Evaluating Observable Proxies for Variability in Atmospheric Oxidation

Atmospheric oxidation by the hydroxyl radical (OH) is a key removal process for many air pollutants and reactive greenhouse gases. Chemistry-climate models used to simulate atmospheric composition disagree on the sign of the OH response to historical and future changes in anthropogenic emissions. Developing a set of observable proxies that reliably characterize variability in OH across different atmospheric regions and time would provide much needed constraints on the models used to study interactions between atmospheric composition and the climate system. Our overarching goal is to construct a global seasonal climatology of OH sensitivity to key observable quantities that drive OH variability within broad atmospheric regions.

As an initial step towards this goal, we use observations during the Atmospheric Tomography (ATom) field campaign as a testbed to assess the feasibility of two proxies that earlier theoretical and modeling work has indicated should reflect local variability in OH. The first proxy is formaldehyde (HCHO), which reflects spatial and temporal variability in OH when HCHO is primarily produced from the oxidation of volatile organic carbon species (e.g., methane) and lost via photolysis. Analysis of the ATom measurements indicates that these conditions occur widely throughout the remote free troposphere. The second proxy is based on a set of variables controlling OH steady-state chemistry: the rate of ozone photolysis to produce O(¹D) (J_O3), the concentrations of water vapor (H₂O) and NO_x (NO_x = NO + NO₂), which together reflect major sources of OH, as well as carbon monoxide (CO), the major OH sink. A correlation analysis versus OH serves to demonstrate the conditions under which each proxy reflects spatial and temporal variability in OH. We then apply these observed relationships to evaluate global atmospheric chemistry models that archived high frequency three-dimensional chemical species during the first of the ATom field seasons (ATom-1, August 2016).

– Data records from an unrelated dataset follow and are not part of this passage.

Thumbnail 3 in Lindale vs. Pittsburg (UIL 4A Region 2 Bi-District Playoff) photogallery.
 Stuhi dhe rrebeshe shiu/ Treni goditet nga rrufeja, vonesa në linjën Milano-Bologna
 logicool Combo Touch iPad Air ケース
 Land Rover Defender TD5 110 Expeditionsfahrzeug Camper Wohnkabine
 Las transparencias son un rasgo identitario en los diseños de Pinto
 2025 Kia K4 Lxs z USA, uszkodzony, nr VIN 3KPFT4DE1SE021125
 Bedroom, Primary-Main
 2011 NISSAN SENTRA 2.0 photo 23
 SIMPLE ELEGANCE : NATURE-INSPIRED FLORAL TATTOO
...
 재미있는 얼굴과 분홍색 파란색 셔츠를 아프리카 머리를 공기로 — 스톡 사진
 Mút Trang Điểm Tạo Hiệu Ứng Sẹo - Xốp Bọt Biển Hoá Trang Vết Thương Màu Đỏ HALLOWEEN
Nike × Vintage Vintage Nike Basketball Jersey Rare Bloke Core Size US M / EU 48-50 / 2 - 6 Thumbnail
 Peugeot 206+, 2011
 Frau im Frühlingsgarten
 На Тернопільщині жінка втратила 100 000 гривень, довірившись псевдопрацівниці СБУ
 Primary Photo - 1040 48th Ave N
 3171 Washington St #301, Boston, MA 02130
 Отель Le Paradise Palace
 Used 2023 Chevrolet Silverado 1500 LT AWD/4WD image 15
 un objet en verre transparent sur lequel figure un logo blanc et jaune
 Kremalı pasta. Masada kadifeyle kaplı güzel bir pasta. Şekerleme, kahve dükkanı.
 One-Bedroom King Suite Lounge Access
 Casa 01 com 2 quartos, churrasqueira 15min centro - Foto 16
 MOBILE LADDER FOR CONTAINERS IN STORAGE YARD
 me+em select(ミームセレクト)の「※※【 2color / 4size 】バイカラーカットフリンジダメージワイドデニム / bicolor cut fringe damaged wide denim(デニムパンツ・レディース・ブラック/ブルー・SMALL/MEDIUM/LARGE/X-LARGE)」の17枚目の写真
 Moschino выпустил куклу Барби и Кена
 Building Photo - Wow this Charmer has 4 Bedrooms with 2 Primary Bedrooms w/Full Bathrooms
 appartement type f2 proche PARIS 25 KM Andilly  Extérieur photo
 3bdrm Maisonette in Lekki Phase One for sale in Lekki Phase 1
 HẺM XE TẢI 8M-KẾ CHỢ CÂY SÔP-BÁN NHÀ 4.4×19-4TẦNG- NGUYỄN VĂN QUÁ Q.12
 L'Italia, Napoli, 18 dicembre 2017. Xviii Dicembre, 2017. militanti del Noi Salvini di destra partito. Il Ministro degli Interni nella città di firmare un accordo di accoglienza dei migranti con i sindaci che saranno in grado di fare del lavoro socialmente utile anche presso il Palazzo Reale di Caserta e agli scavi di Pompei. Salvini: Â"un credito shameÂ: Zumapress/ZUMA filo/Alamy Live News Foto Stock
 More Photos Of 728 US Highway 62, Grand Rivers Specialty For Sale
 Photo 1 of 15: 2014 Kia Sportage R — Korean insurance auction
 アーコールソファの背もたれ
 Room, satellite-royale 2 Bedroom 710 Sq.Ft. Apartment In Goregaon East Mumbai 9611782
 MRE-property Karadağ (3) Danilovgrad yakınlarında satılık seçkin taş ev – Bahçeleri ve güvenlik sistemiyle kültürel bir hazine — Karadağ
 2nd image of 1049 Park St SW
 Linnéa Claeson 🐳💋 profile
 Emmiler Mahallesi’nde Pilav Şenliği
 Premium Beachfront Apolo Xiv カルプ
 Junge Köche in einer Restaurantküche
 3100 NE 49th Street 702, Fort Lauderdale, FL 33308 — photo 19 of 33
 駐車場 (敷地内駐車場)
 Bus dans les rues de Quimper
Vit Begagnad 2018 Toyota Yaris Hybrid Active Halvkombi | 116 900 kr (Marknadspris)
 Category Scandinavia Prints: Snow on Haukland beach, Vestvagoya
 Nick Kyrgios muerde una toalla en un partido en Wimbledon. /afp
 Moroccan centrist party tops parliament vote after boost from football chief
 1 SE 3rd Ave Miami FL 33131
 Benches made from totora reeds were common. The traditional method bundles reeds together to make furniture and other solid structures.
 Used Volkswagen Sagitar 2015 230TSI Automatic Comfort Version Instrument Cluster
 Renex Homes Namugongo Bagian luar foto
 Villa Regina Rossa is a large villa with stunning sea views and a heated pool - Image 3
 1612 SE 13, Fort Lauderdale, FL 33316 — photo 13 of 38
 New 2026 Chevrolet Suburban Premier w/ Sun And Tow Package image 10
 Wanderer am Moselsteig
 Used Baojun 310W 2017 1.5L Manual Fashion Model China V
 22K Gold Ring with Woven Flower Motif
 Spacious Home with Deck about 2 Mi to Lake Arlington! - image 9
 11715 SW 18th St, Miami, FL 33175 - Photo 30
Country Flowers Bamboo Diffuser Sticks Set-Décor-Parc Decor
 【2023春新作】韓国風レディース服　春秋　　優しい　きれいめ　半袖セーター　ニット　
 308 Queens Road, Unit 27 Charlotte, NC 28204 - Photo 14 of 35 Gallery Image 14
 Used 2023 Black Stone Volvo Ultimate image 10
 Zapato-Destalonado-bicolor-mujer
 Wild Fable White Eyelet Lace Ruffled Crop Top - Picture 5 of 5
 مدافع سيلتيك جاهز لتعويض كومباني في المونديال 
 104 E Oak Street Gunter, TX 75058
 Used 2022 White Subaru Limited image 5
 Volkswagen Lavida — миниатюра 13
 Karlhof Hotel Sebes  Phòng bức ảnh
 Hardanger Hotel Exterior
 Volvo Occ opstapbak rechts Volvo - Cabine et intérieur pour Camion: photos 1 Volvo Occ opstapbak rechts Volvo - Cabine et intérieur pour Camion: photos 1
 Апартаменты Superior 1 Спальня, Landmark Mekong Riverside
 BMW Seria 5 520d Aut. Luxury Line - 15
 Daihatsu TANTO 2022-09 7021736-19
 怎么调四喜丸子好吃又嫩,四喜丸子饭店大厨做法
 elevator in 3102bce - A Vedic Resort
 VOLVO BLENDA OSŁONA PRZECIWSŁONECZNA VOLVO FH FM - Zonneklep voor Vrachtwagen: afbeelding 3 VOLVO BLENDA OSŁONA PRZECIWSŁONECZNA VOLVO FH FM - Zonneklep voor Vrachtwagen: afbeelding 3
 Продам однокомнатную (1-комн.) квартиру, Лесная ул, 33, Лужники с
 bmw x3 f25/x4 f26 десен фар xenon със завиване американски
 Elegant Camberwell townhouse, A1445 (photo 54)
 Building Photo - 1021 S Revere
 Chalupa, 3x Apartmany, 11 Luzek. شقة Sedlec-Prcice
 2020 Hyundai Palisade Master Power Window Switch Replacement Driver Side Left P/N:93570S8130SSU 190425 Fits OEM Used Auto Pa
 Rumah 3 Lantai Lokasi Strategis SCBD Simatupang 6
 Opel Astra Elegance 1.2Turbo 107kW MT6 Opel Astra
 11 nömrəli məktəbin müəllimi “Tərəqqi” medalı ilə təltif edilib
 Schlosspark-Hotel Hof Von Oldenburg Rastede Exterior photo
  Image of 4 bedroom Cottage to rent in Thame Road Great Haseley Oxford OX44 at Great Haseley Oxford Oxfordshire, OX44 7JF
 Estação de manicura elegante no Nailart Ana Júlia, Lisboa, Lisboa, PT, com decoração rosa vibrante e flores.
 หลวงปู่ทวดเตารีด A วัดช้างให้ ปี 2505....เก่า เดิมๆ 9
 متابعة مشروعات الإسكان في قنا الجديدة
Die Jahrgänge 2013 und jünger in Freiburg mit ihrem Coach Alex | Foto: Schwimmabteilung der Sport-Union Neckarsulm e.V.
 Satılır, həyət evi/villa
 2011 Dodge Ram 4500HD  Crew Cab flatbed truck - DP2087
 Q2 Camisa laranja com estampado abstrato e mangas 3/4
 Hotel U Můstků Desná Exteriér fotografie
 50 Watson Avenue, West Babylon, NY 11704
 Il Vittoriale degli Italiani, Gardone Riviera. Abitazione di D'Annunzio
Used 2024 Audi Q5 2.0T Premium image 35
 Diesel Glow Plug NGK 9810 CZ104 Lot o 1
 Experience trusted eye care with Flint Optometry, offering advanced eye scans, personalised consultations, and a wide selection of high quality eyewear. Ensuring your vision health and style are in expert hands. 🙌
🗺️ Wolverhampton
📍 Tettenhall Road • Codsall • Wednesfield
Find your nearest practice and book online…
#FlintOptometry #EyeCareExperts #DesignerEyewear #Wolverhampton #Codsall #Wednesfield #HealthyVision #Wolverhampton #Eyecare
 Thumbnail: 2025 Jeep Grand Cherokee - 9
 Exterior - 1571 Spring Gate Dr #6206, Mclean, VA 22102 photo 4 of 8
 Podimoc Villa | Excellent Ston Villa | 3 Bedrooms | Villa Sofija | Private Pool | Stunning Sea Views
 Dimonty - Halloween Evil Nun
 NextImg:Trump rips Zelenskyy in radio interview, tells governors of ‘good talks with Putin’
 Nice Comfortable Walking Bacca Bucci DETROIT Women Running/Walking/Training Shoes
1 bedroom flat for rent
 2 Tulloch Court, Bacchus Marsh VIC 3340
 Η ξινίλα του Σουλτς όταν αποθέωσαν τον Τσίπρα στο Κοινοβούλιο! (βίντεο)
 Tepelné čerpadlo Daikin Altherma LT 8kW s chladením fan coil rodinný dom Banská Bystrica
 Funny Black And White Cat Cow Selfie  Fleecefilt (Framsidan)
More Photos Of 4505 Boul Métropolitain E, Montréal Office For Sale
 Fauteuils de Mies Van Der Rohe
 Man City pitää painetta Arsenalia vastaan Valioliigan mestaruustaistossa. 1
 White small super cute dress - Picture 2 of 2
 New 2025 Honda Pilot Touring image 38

As a second step to constructing a seasonal climatology for OH variability, we turn to the NASA MERRA-2 GMI full chemistry replay simulation (driven by MERRA-2 meteorology and available at ~50km horizontal resolution from 1980-2016) to systematically examine relationships between OH and factors that can be constrained by satellite and suborbital observations (e.g. H₂O, NO₂, O₃, CO), including the two proxies described above. In our model analysis, we are also able to consider variables that cannot be observed (e.g. reaction rates) but are useful for interpretation of these relationships. Taken together, our analysis of observations and models provides a foundation for prioritizing observing strategies with the highest potential for constraining OH variability, and by extension, the chemistry-climate models used to infer its changes in space and time.